Use the log option, e.g.
gologit2 y x1 x2 x3, pl(x1) log
This option prints out the iteration log, and may help you to see whether gologit2 is just spinning its wheels or slowly but surely working towards a solution. NOTE: The log option makes the autofit output look messy but it does work now.
Let the program run overnight or at least for several hours. gologit2 is not the fastest program in the world, and it may just need time to finish its job. I would use the log option if you do this so you know the program has not locked up.

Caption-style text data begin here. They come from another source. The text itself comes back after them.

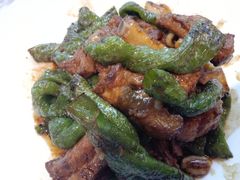 -周渝食惦·酸菜鱼精致川菜(横岗店)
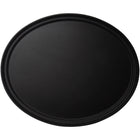 CAMBRO Cabbro Camtread cocktail counter tray - black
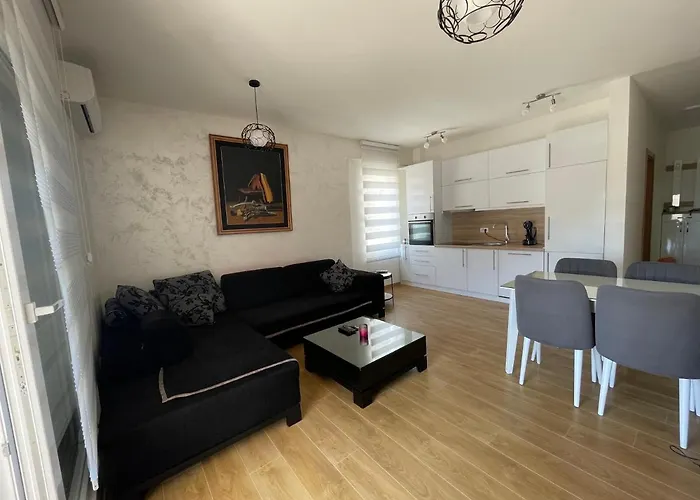 Anja Lux Apartman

If you are using autofit and are adventurous, or just desperate to get results, you are welcome to try out a program called gotuff that is currently in beta testing. To get gotuff , from within Stata type
net from http://www.nd.edu/~rwilliam/stata
and then click on gotuff and follow the installation instructions. There is no help file yet but the program includes extensive comments and instructions. The idea behind gotuff is that it limits the amount of time that is spent on problematic intermediate models, in the hope that the final model will still be correct. Even if the program successfully produces a final model, the user has to decide whether the results seem plausible and correct. It seems to have worked well in the few tests I have done but that is no guarantee of its overall usefulness. Again, I think probably the best thing to do is to eliminate unnecessary and problematic variables, but gotuff might work if nothing else does.Before running gologit2, type
set more off
set trace on
gologit2 ...
You will get incredible amounts of output on your screen but you may be able to identify where the program is having problems.Consider using a different technique, e.g. mlogit or slogit. It may just be that your data and model are not well suited for a gologit analysis.